Imagine being a successful dinosaur palaeontologist and landing a professorship before you are 40, authoring a leading dinosaur textbook and a New York Times bestseller on dinosaurs. Imagine achieving all that and then saying: “You know what really floats my boat? Mammals.” After the runaway success of his 2018 book The Rise and Fall of the Dinosaurs, palaeontologist Stephen Brusatte shifted his attention and now presents you with the follow-up, The Rise and Reign of the Mammals. Taking in the full sweep of mammal evolution from the late Carboniferous some 325 million years ago to today, this book is as epic in scope as it is majestic in execution.
It is tempting to call animal domestication humanity’s oldest and longest-running experiment, but professor of palaeobiology Marcelo R. Sánchez-Villagra would beg to differ. It is worth opening with a quote from The Process of Animal Domestication to set the tone: “domestication is actually pretty poor as experiments go; there are too many variables involved with little control, and no records of how things started” (p. 206). The excellent structure prevents it from becoming an overwhelming infodump, making this a valuable synthesis of data across a large number of disciplines that will interest a wide range of researchers.
Our planet has been many different worlds over its 4.5-billion-year history. Imagining what they were like is hard—with our limited lifespan, deep time eludes us by its very nature. Otherlands, the debut of Scottish palaeontologist Thomas Halliday, presents you with a series of past worlds. Though this is a non-fiction book thoroughly grounded in fact, it is the quality of the narrative that stands out. Beyond imaginative metaphors to describe extinct lifeforms, some of his reflections on deep time, taxonomy, and evolution are simply spine-tingling.
One has to wonder whether the horror writer H.P. Lovecraft had the star-nosed mole in mind when he created the Cthulhu Mythos. Fortunately for us mortals, this little mammal is harmless—though it is not without some extraordinary powers of its own. I first came across the work of biologist Kenneth Catania in the recently reviewed Sentient and had to dig deeper. Great Adaptations is a personal and entertaining account of his almost-five decades career investigating the biological mysteries of the star-nosed mole and other creatures.
Scottish geologist Charles Lyell quipped that the present is the key to the past. To say that the reverse also holds is more than just circular reasoning. Felisa Smith, a professor in ecology and evolutionary biology, studies extinct mammals and applies this knowledge to the present.
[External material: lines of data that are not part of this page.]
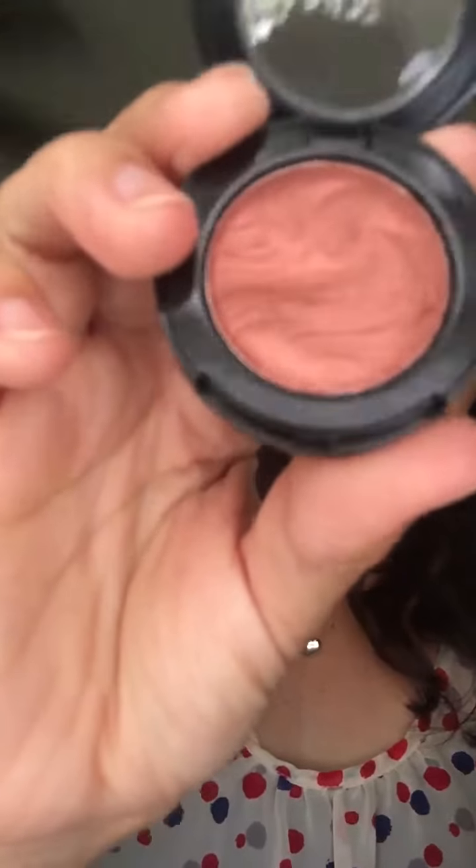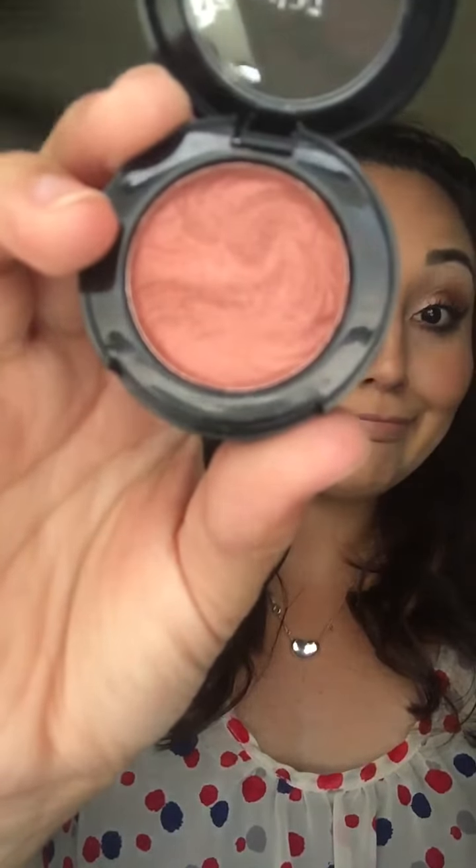The first color I got is Brickhouse — it's like a coppery color. It's a really creamy formula. That's Brickhouse. I'm also doing a swatch without primer so you can compare — top is without primer, bottom is with primer.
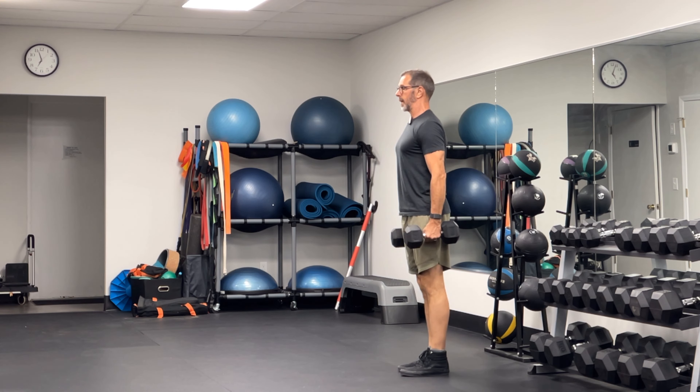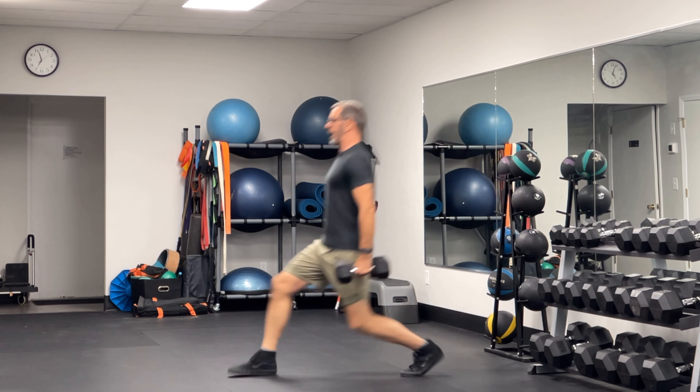Left leg, right leg. You can see that from the side — keeping that torso nice and tight, that nice neutral spine. And that is the Dumbbell Forward Lunge.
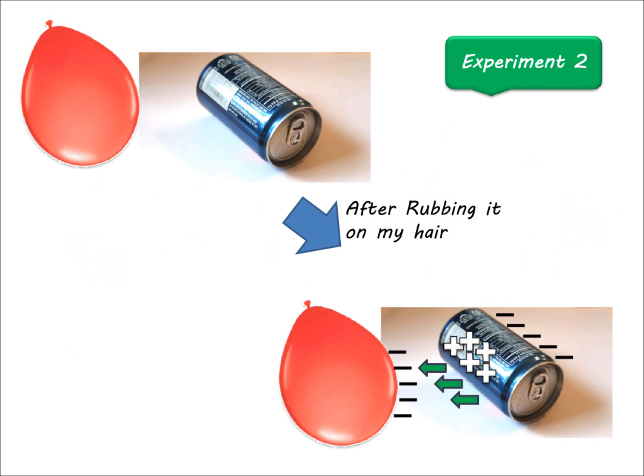Now let's go to the second experiment. We saw that when we brought a neutral balloon close to the soda can, nothing happened. But when I rubbed the balloon on my hair and brought it close to the soda can, I could roll it toward the balloon. As you see in this picture, by bringing the negatively charged balloon close to the soda can, the negative charges of the balloon push the negative charges of the soda can to the far side. So the near side of the can has positive charges, and these are attracted to the negative charges of the balloon — so when I move the balloon, the soda can runs after it. It's really cool when you understand what's going on.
This book is a neatly crafted package that gives the reader all the required background knowledge, while its case studies make for fascinating reading. (Spoiler alert: packrat middens are my new favourite discovery.)
Can we predict what aliens will look like? On some level, no, which has given science fiction writers the liberty to let their imagination run wild. On another level, yes, writes zoologist Arik Kershenbaum. But we need to stop focusing on form and start focusing on function. There are universal laws of biology that help us understand why life is the way it is, and they are the subject of this book. If you are concerned that consideration of life’s most fundamental properties will make for a dense read, don’t panic, The Zoologist’s Guide to the Galaxy is a spine-tingling dive into astrobiology that I could not put down.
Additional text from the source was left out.